Read My History: A Memoir of Growing Up Page 18


  Here was a strongly religious man who was at the same time a convinced and ardent politician, standing for social security reform; as well as being demonstrably anti-Fascist he stood out against Communism in the context of the Cold War. I was deeply impressed by him on this level, but also by his gentleness towards ignorant people like myself. He was not without a sly sense of humour, cracking the odd joke about England’s Labour government which, once we had found some shared language, was quite sharp and to the point. In writing about politicians later, especially in my book on the Great Reform Bill, I used to reflect on that mixture of idealism and ambition common to the breed to which I had already been alerted by my parents.
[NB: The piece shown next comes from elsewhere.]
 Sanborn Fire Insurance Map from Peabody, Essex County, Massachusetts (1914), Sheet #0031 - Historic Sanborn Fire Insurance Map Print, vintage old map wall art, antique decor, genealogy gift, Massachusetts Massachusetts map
My mind sometimes went back to that Christmas in Italy and the supreme example set by Alcide De Gasperi.

  Signora De Gasperi ran everything in the house and seemed to do all the cooking as well. This was not entirely good news. She had her own ideas on how things should be, which included the fact that English girls needed to eat large lumps of meat daily otherwise they would become restive (like sporting dogs, I suppose). So I was condemned to these large and I have to say tasteless lumps while the rest of the family gorged on heavenly spaghetti…Signora De Gasperi’s moment of supreme control came at New Year. We travelled down to the south in a special train, with the people standing by to cheer their Prime Minister as we passed. We disembarked with Vesuvius in sight. The welcome was tumultuous. We were shown everything, including the great exhibition of the remains of Pompeii; well, not quite everything. At the behest of Signora De Gasperi, the famously rude sections (unsuitable for modest teenagers) were shrouded off from us. Privilege obviously had its disadvantages, at least in a Catholic country; it was not until a twenty-first-century exhibition of Pompeian remains in the British Museum that I was able to see at last those sights which Signora De Gasperi had denied a nice Catholic Socialist girl.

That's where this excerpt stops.